» Provided entries
══════

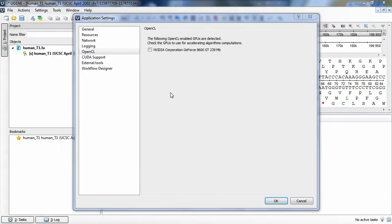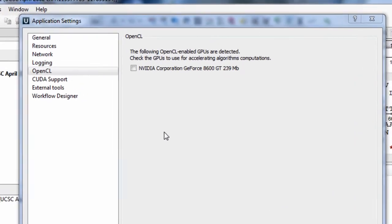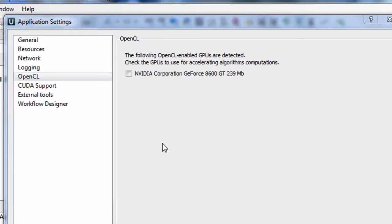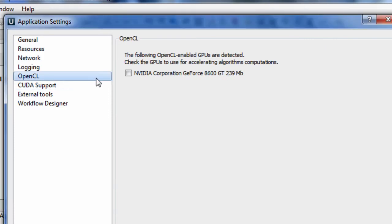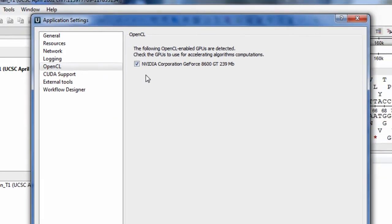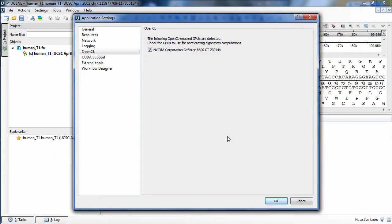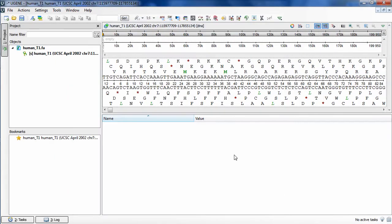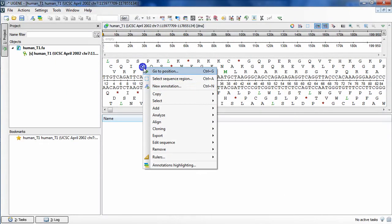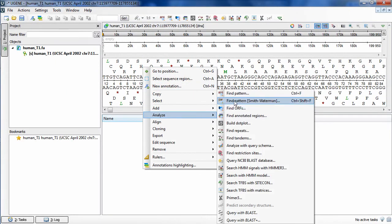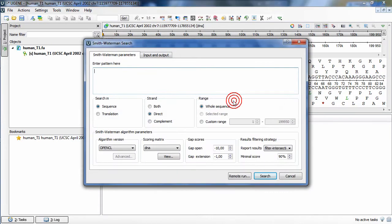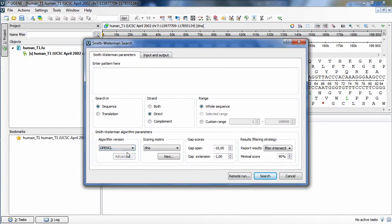GPU computations enhancements. Since 1.9, UGENE supports the OpenCL library, that makes UGENE GPU computing available on different platforms. You can use the resources of your video card to perform such algorithms as Smith-Waterman on Windows, Linux and soon on Mac platforms.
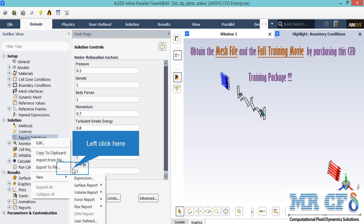However, you must also check the residuals. To create such a report, you can simply right-click on Report Definitions, go to New, and select one of the options available based on your simulation.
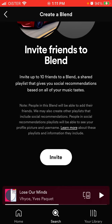Blend playlist is a fairly new feature on Spotify — it's a social recommendation playlist, meaning it will combine your most listened-to tracks with your friends'. So if you are actively listening to some track and your friend is actively listening to theirs, they will be combined in this Spotify Blend playlist.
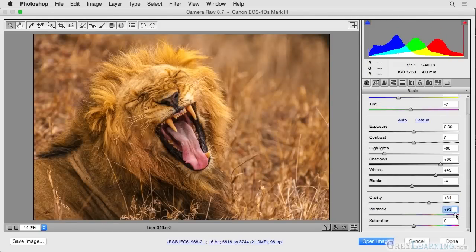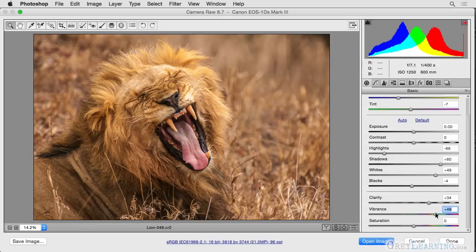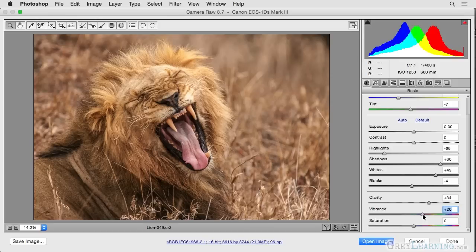I'll go ahead and increase the vibrance slider all the way to its maximum — you can see the colors are starting to look a little artificial, but still not too strong overall. If we had used saturation instead, the effect would have been even stronger. I don't need much of a boost here; I just want to accentuate those colors a little bit. Right about there, with a value of about 20 for vibrance, gives this image a good boost — as much as it needs.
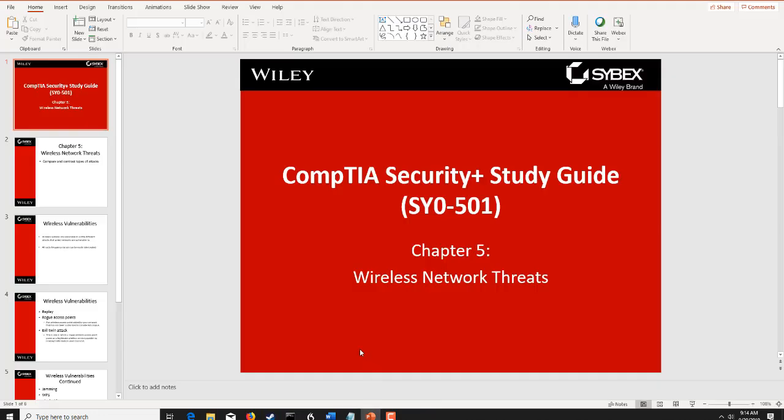Hello class and welcome to week 6 of CIS 4670. It's a very short chapter this week where we're going to talk about wireless network threats. The chapter is just a handful of pages in length.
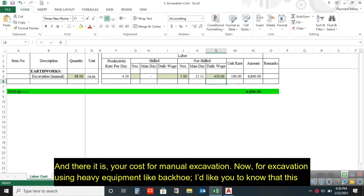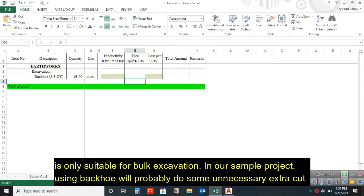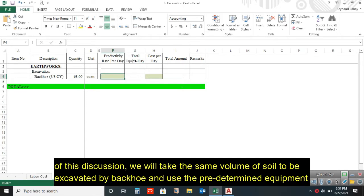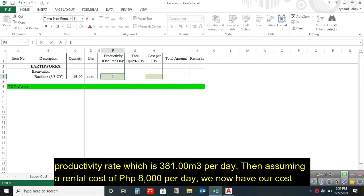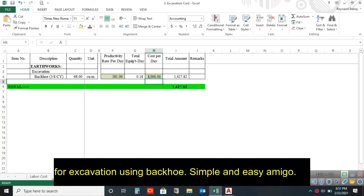For excavation using heavy equipment like a backhoe, this is only suitable for bulk excavation. In our sample project, using a backhoe will probably cause some unnecessary extra cut to our soil, which would increase our cost in backfilling — and this we will discuss in our next video. For the sake of this discussion, we will take the same volume of soil to be excavated by backhoe and use the predetermined equipment productivity rate, which is 381 cubic meters per day. Assuming a rental cost of 8,000 pesos per day for our equipment, we now have our cost for excavation using backhoe. Simple and easy, amigos!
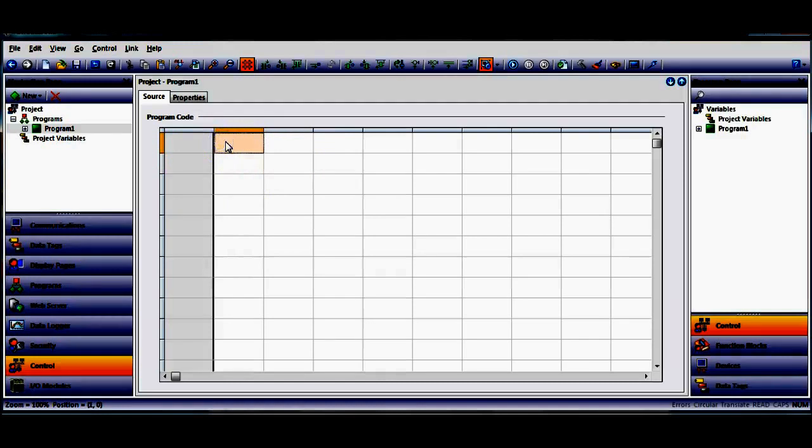Let's just pretend that I want to take a discrete input and when it goes on I want to turn a discrete output on. Just a very simple ladder logic contact if this is on turns on an output.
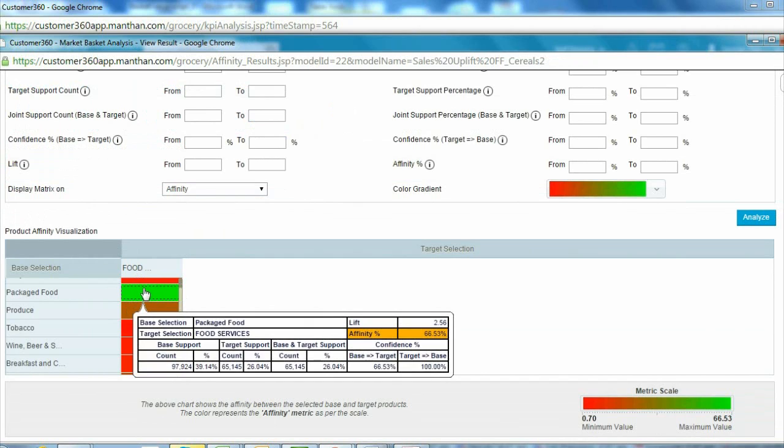When she ran the analysis, she recognized that the customers who purchased packaged foods were most likely to make purchases in the cafe as well.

══════

An exact reproduction of the material is needed, without its images.

GPU computations enhancements. Since 1.9, UGENE supports the OpenCL library, that makes UGENE GPU computing available on different platforms. You can use the resources of your video card to perform such algorithms as Smith-Waterman on Windows, Linux and soon on Mac platforms.
However, you must also check the residuals. To create such a report, you can simply right-click on Report Definitions, go to New, and select one of the options available based on your simulation.
Blend playlist is a fairly new feature on Spotify — it's a social recommendation playlist, meaning it will combine your most listened-to tracks with your friends'. So if you are actively listening to some track and your friend is actively listening to theirs, they will be combined in this Spotify Blend playlist.
I'll go ahead and increase the vibrance slider all the way to its maximum — you can see the colors are starting to look a little artificial, but still not too strong overall. If we had used saturation instead, the effect would have been even stronger. I don't need much of a boost here; I just want to accentuate those colors a little bit. Right about there, with a value of about 20 for vibrance, gives this image a good boost — as much as it needs.
Hello class and welcome to week 6 of CIS 4670. It's a very short chapter this week where we're going to talk about wireless network threats. The chapter is just a handful of pages in length.
For excavation using heavy equipment like a backhoe, this is only suitable for bulk excavation. In our sample project, using a backhoe will probably cause some unnecessary extra cut to our soil, which would increase our cost in backfilling — and this we will discuss in our next video. For the sake of this discussion, we will take the same volume of soil to be excavated by backhoe and use the predetermined equipment productivity rate, which is 381 cubic meters per day. Assuming a rental cost of 8,000 pesos per day for our equipment, we now have our cost for excavation using backhoe. Simple and easy, amigos!
Let's just pretend that I want to take a discrete input and when it goes on I want to turn a discrete output on. Just a very simple ladder logic contact if this is on turns on an output.
When she ran the analysis, she recognized that the customers who purchased packaged foods were most likely to make purchases in the cafe as well.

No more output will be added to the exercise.